2 results regularly followed by six months. Up to a month. Three patients with larynx keratosis returned to normal after surgery; 13 patients with vocal cord polyps improved their pronunciation after surgery, and the pronunciation returned to normal after half a month. During the follow-up of half a year, there was no recurrence; 1 patient with laryngeal papilloma returned to normal after operation; 1 patient with laryngeal papilloma had preoperative adhesion before the week, and the pronunciation was poor. The patient refused to undergo surgery again. , effective 94.4.
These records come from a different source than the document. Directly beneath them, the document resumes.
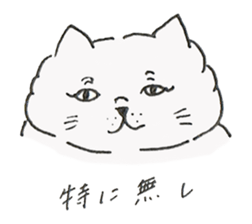 Cat Christina sticker #13896649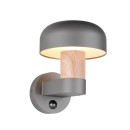 Trio T262569135 vonkajšie nástenné svietidlo FRASER  E27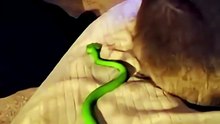 🔥 Top Amazing Moments 💯 top top funny pets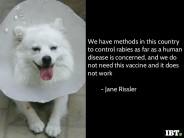 World Rabies Day: Best Quotes, Images, Greetings to be shared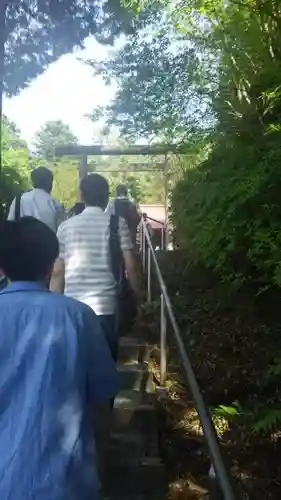 駿河神社の鳥居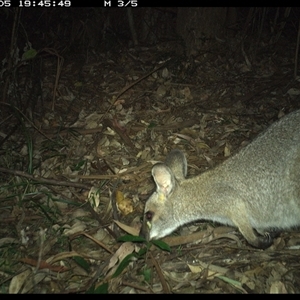 Notamacropus rufogriseus (Red-necked Wallaby) at Lorne, NSW by Butlinz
3 Discussion The support laryngoscope was applied to the clinic in the decade. In the mid-1990s, we began to summarize the treatment experience of 18 patients in this group. We believe that wood surgery is satisfactory for the treatment of broad-based meat of the vocal cord of the steep keratosis of the larynx, and that the disease is under indirect laryngoscopy. It is difficult to cure. The vision is not good, the disease is not well matched, and the laryngeal reflex is fast. The operator is in a hurry, and the patient who is injured in the normal tissue is more painful. Recovery, long period of time; tracheotomy before surgery, to postoperative care to bring a few cases of postoperative neck cut 1 scar effect Ge Guan, and surgery 6 pronunciation underpass.
Therefore, 18 cases of this group were excluded from the loyalty. In addition to a case of flash laryngeal papilloma involving bilateral vocal cords, the post-operative commissure adhesion was poor, and the remaining pronunciations returned to normal. Therefore, the lesions corresponding to the bilateral lesions should be operated in several stages, and the vocal cord adhesion can be avoided. We conclude that the technique has advantages and bright light. Clear vision.
Strong stereoscopic effect, using mechanical instead of human fixed laryngoscope. The operator can operate with both hands, the operation accuracy is high, the damage is small; the throat is opened, the pain of the patient is reduced, the cost is reduced, and the application can be combined with the microscope and the laser, and the glottic glottic type early throat malignancy is used. The lesions were completely removed.